**WHAT THE TASK ASKS:** Up to and including the line with "Pro Women Pro Choice", please reproduce the lines below exactly, beginning with the first.

**EXTRACTED RECORDS:**

# # #

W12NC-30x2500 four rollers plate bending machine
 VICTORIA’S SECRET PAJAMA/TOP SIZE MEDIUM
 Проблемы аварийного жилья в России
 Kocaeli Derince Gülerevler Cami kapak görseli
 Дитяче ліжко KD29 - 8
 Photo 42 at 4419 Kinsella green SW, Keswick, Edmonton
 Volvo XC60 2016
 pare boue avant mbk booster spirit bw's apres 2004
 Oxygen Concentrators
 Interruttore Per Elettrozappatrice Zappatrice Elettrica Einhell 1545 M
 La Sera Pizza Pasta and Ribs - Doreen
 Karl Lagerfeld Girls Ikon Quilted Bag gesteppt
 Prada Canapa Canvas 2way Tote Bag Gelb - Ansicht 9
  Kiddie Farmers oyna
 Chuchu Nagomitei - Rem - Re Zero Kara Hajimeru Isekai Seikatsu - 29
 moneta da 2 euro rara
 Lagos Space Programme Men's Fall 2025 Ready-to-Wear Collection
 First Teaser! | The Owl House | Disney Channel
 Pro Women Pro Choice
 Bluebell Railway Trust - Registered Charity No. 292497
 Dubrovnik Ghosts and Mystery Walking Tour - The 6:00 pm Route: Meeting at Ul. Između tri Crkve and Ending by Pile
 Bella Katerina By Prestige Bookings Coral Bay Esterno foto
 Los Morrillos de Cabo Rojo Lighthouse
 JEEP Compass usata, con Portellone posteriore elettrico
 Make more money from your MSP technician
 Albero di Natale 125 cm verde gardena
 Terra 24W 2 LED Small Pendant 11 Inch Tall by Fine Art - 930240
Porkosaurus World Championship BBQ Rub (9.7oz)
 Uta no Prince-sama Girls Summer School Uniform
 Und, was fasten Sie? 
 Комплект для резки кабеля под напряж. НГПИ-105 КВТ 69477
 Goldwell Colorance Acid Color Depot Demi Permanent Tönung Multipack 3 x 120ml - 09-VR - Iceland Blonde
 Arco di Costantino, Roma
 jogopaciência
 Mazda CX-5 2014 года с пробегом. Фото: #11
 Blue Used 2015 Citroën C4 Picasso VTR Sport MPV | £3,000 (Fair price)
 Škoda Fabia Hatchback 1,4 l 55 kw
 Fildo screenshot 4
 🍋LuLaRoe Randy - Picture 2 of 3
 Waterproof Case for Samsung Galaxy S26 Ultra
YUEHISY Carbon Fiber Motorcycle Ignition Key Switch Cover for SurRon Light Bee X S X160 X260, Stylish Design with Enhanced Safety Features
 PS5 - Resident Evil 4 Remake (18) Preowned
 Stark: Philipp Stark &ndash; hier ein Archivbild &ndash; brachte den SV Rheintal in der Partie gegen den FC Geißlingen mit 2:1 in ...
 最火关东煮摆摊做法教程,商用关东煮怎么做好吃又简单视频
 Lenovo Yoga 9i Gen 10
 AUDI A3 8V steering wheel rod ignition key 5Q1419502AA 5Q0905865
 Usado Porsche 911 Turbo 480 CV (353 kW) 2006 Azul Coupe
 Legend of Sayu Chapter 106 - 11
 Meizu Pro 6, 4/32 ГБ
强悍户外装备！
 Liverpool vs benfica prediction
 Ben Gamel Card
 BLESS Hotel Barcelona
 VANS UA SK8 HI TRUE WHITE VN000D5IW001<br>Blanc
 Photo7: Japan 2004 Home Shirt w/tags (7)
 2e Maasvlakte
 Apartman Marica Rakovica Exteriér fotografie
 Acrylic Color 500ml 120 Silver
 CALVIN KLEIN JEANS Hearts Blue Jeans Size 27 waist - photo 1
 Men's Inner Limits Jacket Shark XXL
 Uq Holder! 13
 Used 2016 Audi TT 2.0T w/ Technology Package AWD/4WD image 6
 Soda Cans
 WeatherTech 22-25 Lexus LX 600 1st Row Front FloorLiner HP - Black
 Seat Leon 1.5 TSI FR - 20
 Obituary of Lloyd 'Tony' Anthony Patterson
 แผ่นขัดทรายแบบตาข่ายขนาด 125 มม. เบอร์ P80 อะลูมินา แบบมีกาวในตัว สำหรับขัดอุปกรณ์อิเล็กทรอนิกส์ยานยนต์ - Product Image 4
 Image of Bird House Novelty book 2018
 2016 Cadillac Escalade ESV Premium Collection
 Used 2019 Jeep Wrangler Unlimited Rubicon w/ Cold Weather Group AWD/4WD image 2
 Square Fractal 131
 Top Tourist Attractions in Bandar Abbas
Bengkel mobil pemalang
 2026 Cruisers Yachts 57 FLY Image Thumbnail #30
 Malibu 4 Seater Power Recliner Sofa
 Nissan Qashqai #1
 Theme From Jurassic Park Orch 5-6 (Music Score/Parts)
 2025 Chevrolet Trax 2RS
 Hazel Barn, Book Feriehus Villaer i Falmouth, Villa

# # #

**ANSWER TO THIS PROBLEM:**
W12NC-30x2500 four rollers plate bending machine
 VICTORIA’S SECRET PAJAMA/TOP SIZE MEDIUM
 Проблемы аварийного жилья в России
 Kocaeli Derince Gülerevler Cami kapak görseli
 Дитяче ліжко KD29 - 8
 Photo 42 at 4419 Kinsella green SW, Keswick, Edmonton
 Volvo XC60 2016
 pare boue avant mbk booster spirit bw's apres 2004
 Oxygen Concentrators
 Interruttore Per Elettrozappatrice Zappatrice Elettrica Einhell 1545 M
 La Sera Pizza Pasta and Ribs - Doreen
 Karl Lagerfeld Girls Ikon Quilted Bag gesteppt
 Prada Canapa Canvas 2way Tote Bag Gelb - Ansicht 9
  Kiddie Farmers oyna
 Chuchu Nagomitei - Rem - Re Zero Kara Hajimeru Isekai Seikatsu - 29
 moneta da 2 euro rara
 Lagos Space Programme Men's Fall 2025 Ready-to-Wear Collection
 First Teaser! | The Owl House | Disney Channel
 Pro Women Pro Choice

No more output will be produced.